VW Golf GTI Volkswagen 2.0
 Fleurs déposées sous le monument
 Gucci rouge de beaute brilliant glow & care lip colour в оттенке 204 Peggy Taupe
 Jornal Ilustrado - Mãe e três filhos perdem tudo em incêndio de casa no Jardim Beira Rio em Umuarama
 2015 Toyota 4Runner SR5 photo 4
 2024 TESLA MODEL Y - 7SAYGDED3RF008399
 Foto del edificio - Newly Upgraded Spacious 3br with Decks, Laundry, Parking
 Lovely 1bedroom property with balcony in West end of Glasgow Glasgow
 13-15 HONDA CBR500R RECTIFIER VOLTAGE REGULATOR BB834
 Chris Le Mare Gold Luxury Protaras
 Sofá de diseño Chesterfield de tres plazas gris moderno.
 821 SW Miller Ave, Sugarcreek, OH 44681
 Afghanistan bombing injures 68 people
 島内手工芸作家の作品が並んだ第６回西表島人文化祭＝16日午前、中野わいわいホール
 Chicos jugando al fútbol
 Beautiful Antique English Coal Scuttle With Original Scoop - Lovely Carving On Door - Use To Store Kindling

▶ **PROMPT**
Filter the data, keeping only the lines that contain "Lovely".

▶ **RESPONSE FOR THIS EXERCISE**
 Lovely 1bedroom property with balcony in West end of Glasgow Glasgow
 Beautiful Antique English Coal Scuttle With Original Scoop - Lovely Carving On Door - Use To Store Kindling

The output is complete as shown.